Voor veel zzp’ers betekent deze maatregel een directe belastingverhoging. Waar je eerder een groter deel van je inkomsten kon vrijstellen, moet je nu over een groter deel belasting betalen. Stel, je hebt een jaarwinst van €30.000. In 2024 kun je €3.750 aftrekken, wat je belastbare winst verlaagt tot €26.250. In 2025 daalt dat aftrekbedrag naar €2.470, waardoor je meer belasting betaalt over een hogere winst.
Box 2 en Box 3 - aandelenbezit, sparen en beleggen
Heb je een aanmerkelijk belang in een bedrijf (5% of meer van de aandelen)? Dan betaal je over winstuitkeringen tot €67.804 hetzelfde tarief van 24,5% als in 2024. Voor bedragen daarboven daalt het tarief van 33% naar 31%.
In box 3 blijft het belastingvrije vermogen op €57.684. Voor vermogen daarboven betaal je 36% belasting over het fictieve rendement dat de Belastingdienst voor 2025 vaststelt.
Bedrijfsopvolgingsregeling (BOR) wordt versoepeld
Krijg je een bedrijf door een erfenis of schenking? De bedrijfsopvolgingsregeling wordt versoepeld. De eis om het bedrijf vijf jaar voort te zetten na overname wordt verkort naar drie jaar. Hierdoor kun je sneller besluiten om het bedrijf te verkopen na een overdracht.
Vanaf 2026 komen alleen gewone aandelen met een minimaal belang van 5% nog in aanmerking voor de BOR. Ook worden herstructureringen binnen de bezits- en voortzettingseisen eenvoudiger gemaakt, bijvoorbeeld bij fusies of splitsingen.
Innovatie en digitale economie
Het kabinet wil dat Nederland aantrekkelijk blijft voor bedrijven, vooral in de digitale en innovatieve sectoren. In 2025 investeert het kabinet €900 miljoen via Invest-NL en €100 miljoen via Invest International om innovatie en internationaal ondernemerschap te stimuleren. Dit is vooral gericht op duurzame en startende bedrijven die strategische technologieën ontwikkelen.

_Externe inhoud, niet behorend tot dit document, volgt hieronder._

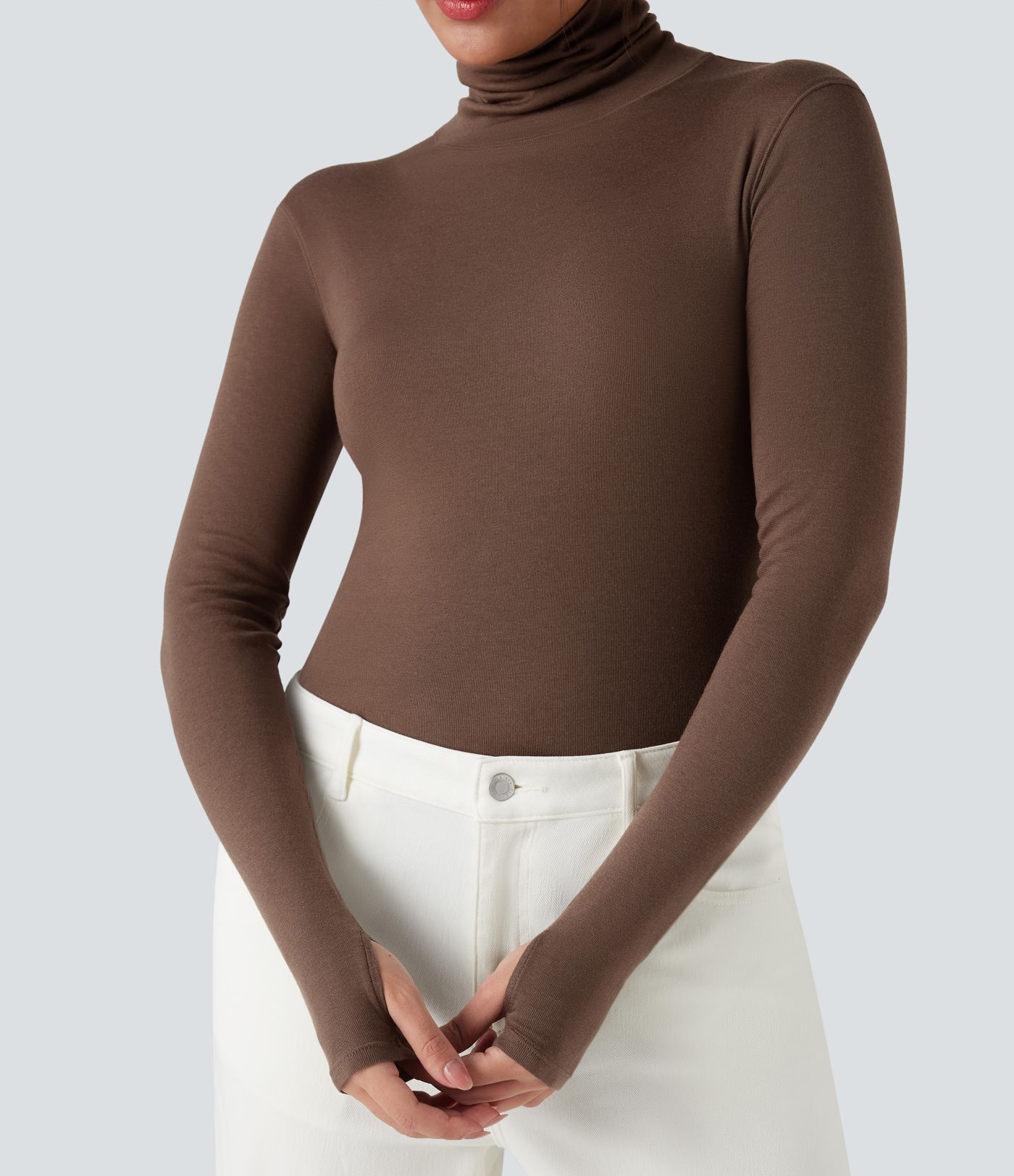 Mock-neck Long Sleeve Thumb Holes Slim Fit Casual Wool-Blend Tops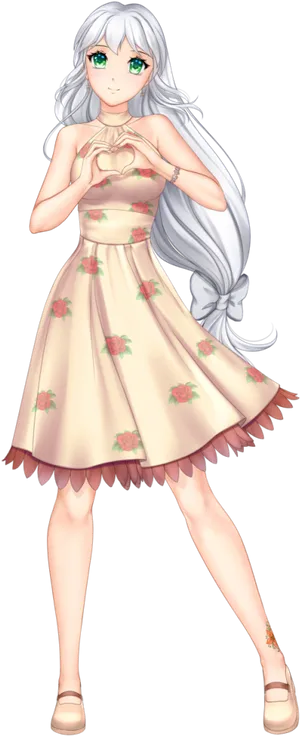 Animated Girlwith Long Silver Hair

Daarnaast stijgt het budget voor de Wet Bevordering Speur- en Ontwikkelingswerk (WBSO), een regeling die belastingvoordeel biedt voor innovatieve bedrijven, naar €1,5 miljard. Dit betekent dat bedrijven minder belasting hoeven te betalen over kosten voor onderzoek en ontwikkeling, waardoor innovatie goedkoper wordt.

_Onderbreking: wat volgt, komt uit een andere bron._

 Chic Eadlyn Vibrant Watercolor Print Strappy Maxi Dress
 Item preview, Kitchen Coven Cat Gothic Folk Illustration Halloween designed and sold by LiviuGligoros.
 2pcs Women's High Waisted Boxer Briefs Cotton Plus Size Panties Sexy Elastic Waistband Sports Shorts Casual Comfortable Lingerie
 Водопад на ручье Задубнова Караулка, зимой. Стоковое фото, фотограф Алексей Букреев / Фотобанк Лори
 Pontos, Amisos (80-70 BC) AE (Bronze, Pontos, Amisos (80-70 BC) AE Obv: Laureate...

Behoud van inkoopfaciliteit dividendbelasting
Het plan om de inkoopfaciliteit in de dividendbelasting af te schaffen per 2025 gaat niet door. Hierdoor blijft de mogelijkheid bestaan om onder bepaalde voorwaarden aandelen in te kopen zonder dividendbelasting te hoeven betalen.
Renteaftrekbeperking vennootschapsbelasting
De renteaftrekbeperking in de vennootschapsbelasting wordt versoepeld. Vanaf 2025 kunnen bedrijven een groter deel van hun rente aftrekken: tot 25% van de winst, in plaats van de huidige 20%. Dit betekent dat bedrijven minder belasting betalen over hun winst wanneer ze hoge rentekosten hebben.
Giftenaftrek vennootschapsbelasting vervalt
Vanaf 2025 is het voor vennootschappen niet meer mogelijk om giften aan goede doelen (ANBI’s of SBBI’s) af te trekken van de winst. Giften worden dan gezien als winstuitkeringen (dividenden) aan aandeelhouders, waarover belasting moet worden betaald. Sponsoring en uitgaven voor maatschappelijk verantwoord ondernemen blijven echter wel aftrekbaar.
Het is belangrijk om op te merken dat deze belastingplannen nog moeten worden goedgekeurd door zowel de Tweede als de Eerste Kamer. Pas na goedkeuring zullen de maatregelen officieel ingaan. Dit betekent dat de plannen nog kunnen worden aangepast voordat ze definitief worden.